Dr. Liu, is the pediatric surgeon from Chicago, who operated on the girl from the newspaper. Dr. Liu is the leading doctor in the nation who performs MALS surgeries. After speaking to his nurse, we were told to go get a 3D Image CT Scan, to confirm our suspicions. When I had been told to get yet another test done I became a little upset. Throughout the course of these past three years, I have had a multitude of tests done on me. I started with an Upper and Lower GI, ultrasounds, MRI, CT Scan (with and without dye), Doplar ultrasound, and the final definitive test was the 3D Image CT Scan. The radiologist who read the last CT Scan immediately called Dr. Horner because the image showed “something was not right.” We now knew what was wrong, but the next hurdle was getting an appointment with Dr. Liu who had been fielding phone calls from all over the country since that newspaper article had come out.

The symptoms that can come with MALS are severe stomach pain, especially after eating meals, and weight loss. There are some other symptoms that can come with this syndrome which include, nausea and diarrhea.
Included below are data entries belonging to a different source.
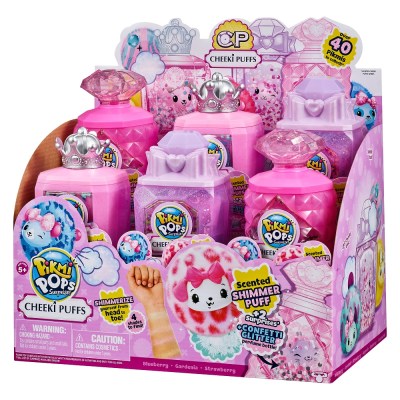Pikmi Pop Cheeki Surprise Pack – Parent Pikmi Pop Cheeki Surprise Pack – Parent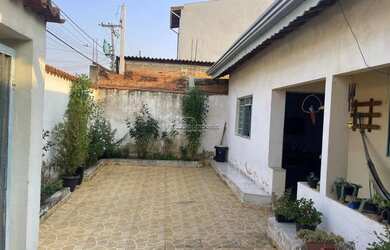 Imagem 2: Vende casa no jardim Amanda I Hortolândia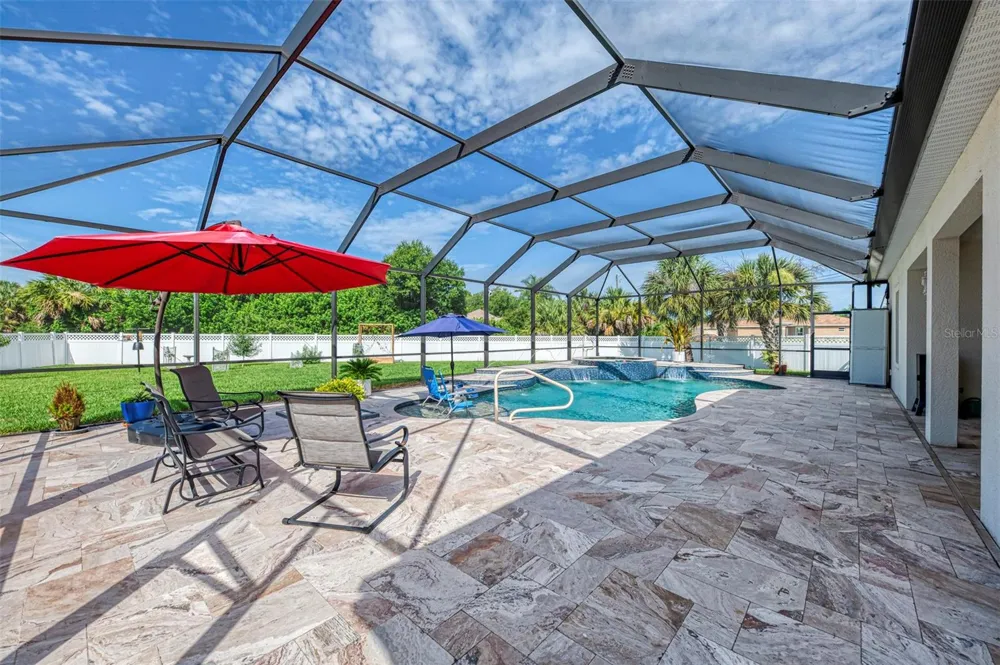 2705 LAMKIN ROAD North Port, FL 34288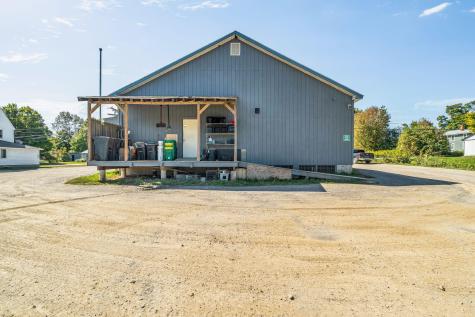 1 Oliver Hill Road Garland ME 04939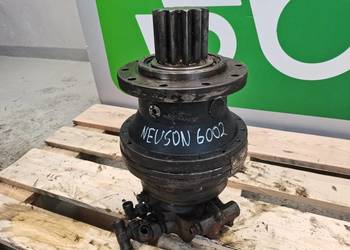 Neuson 6002 Reduktor obrotu 703T2KA0DC1AA18F027NP54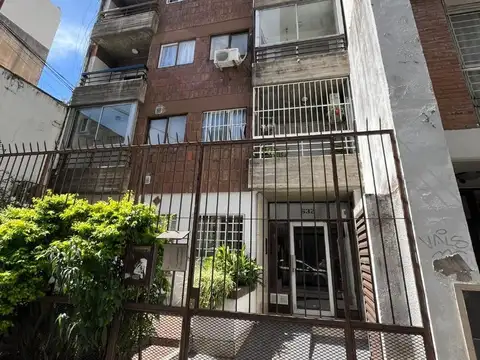 DEPARTAMENTO DOS DORMITORIO EN MENDOZA 632
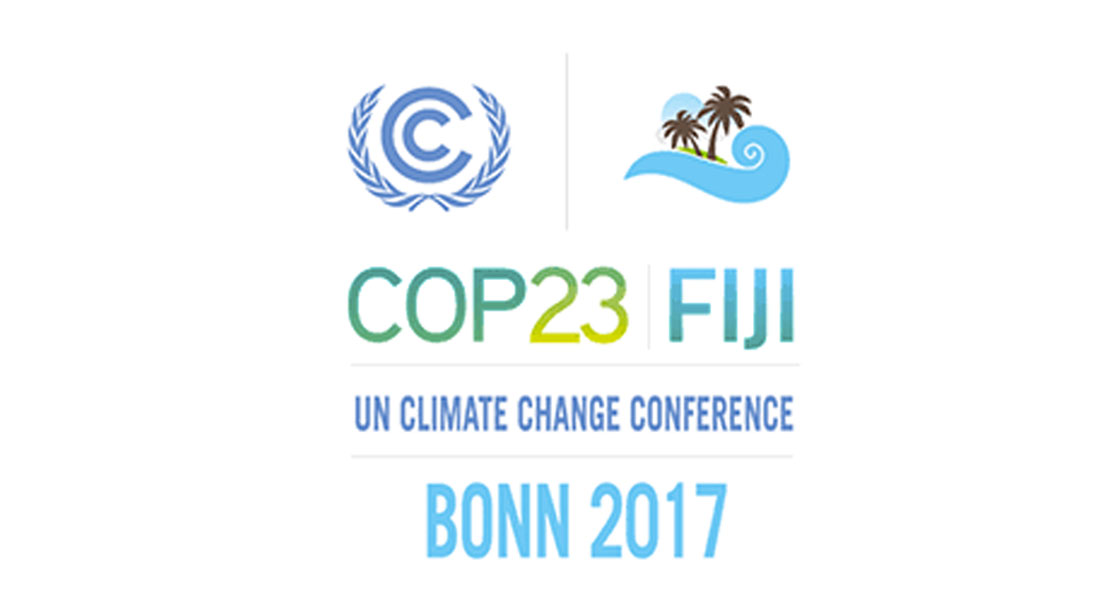 La COP23 implementará las reglas del Acuerdo de París, según Berlín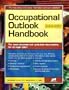 Occupational Outlook Handbook (Occupational Outlook Handbook (Jist Works))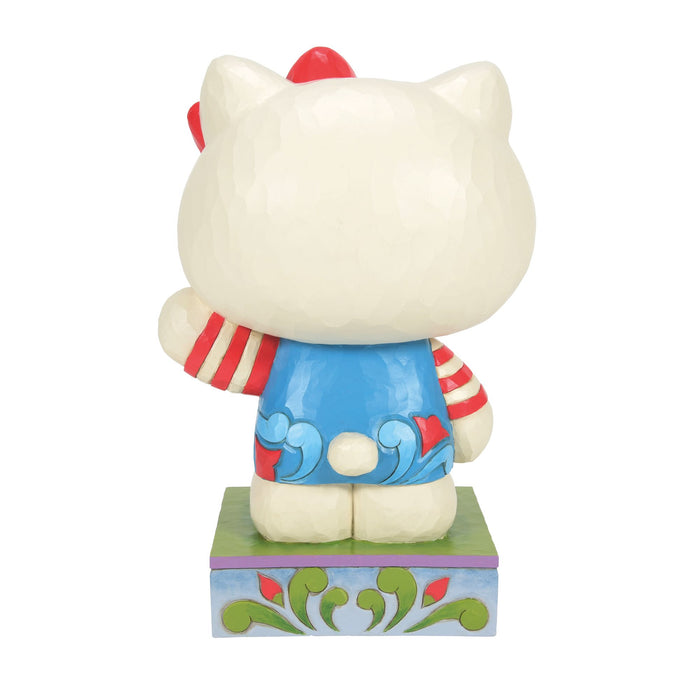 Enesco Hello Kitty Classic Big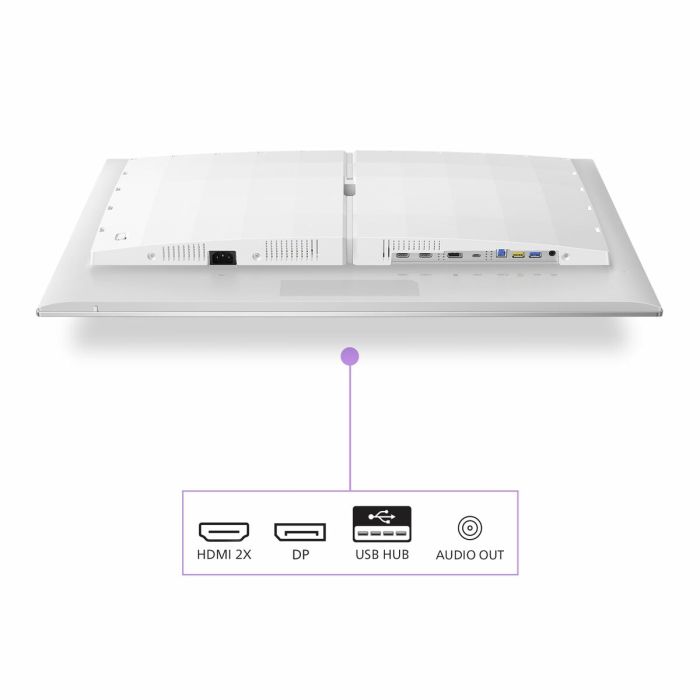 Monitor Gaming Philips 32M2N8900/00 4K Ultra HD 32" 9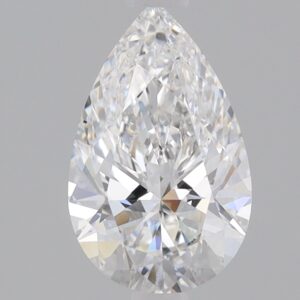 1.21 CT Pear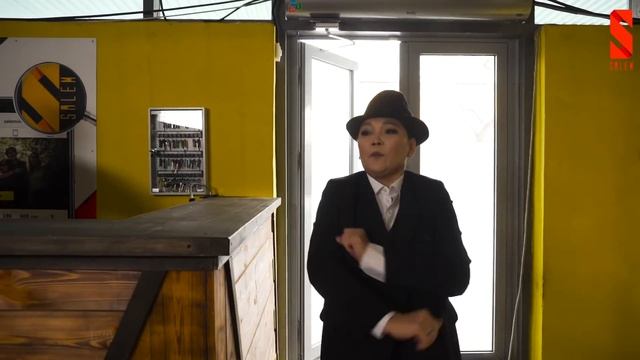 Salem show | Жаулап алды Instagram | Жанар Айжанова челлендж смотреть онлайн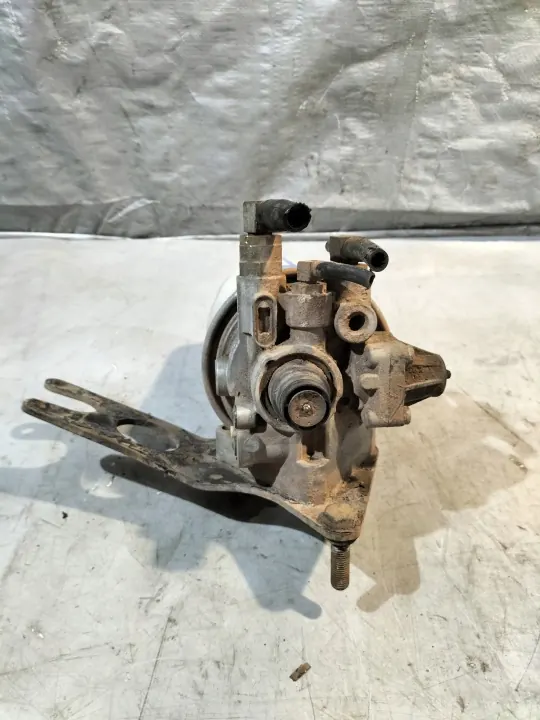 Base do secador MAN TGS TGX OEM 4324101200 image 4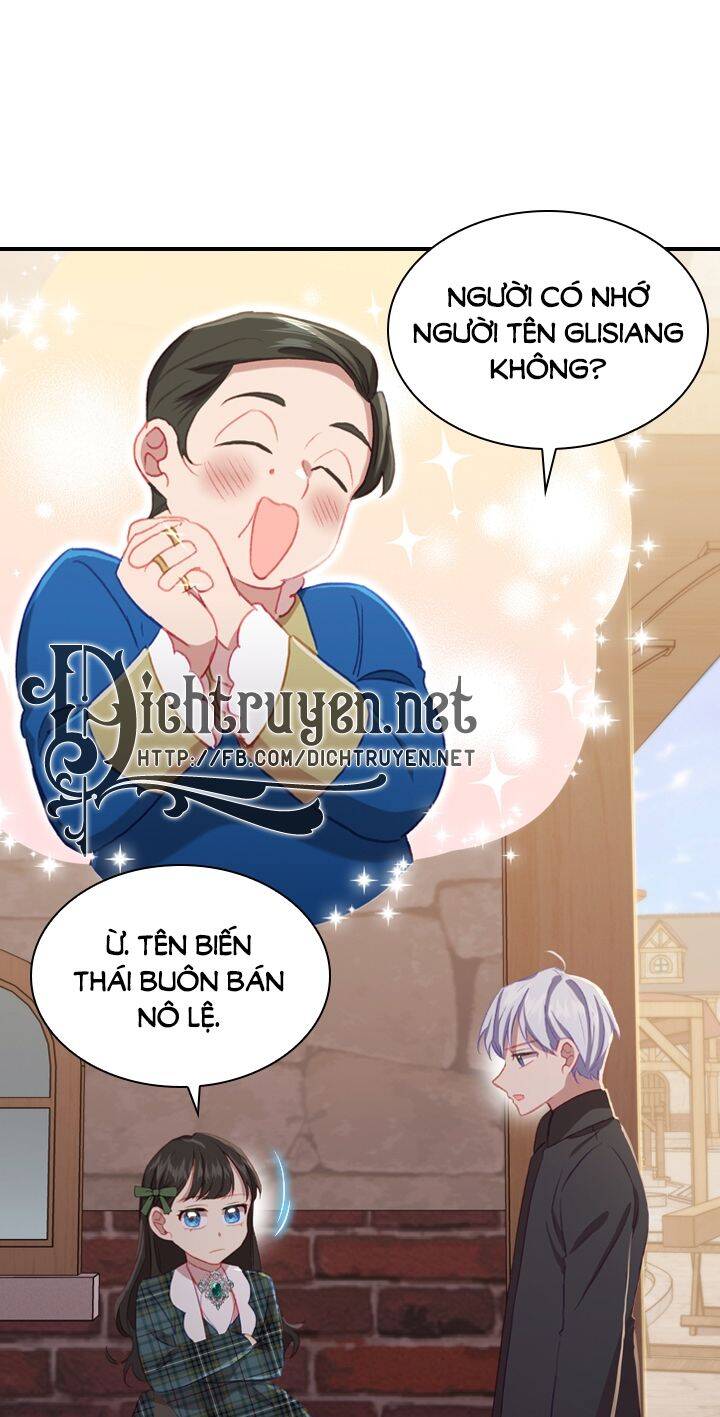 Công Chúa Bé Bỏng Chapter 63 - 20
I only suffered from the weight loss, and severe stomach pain, but my pain had been going on for so long that I am in a constant state of pain. Until a month ago, those were my only symptoms, but I recently began having the constant feeling of nausea all day long. Because I have been eating very little, to avoid the pain and nausea worsening, I have become dehydrated at times. I have also started having fainting episodes because my body has been trying to compensate with the pain that it is experiencing.

Luck was on my side when I got an appointment with Dr. Robert Thompson. Dr. Thompson is a vascular surgeon at Barnes Jewish Hospital in St. Louis, MO. He is the next stop on this blogger’s journey to becoming healthy once again.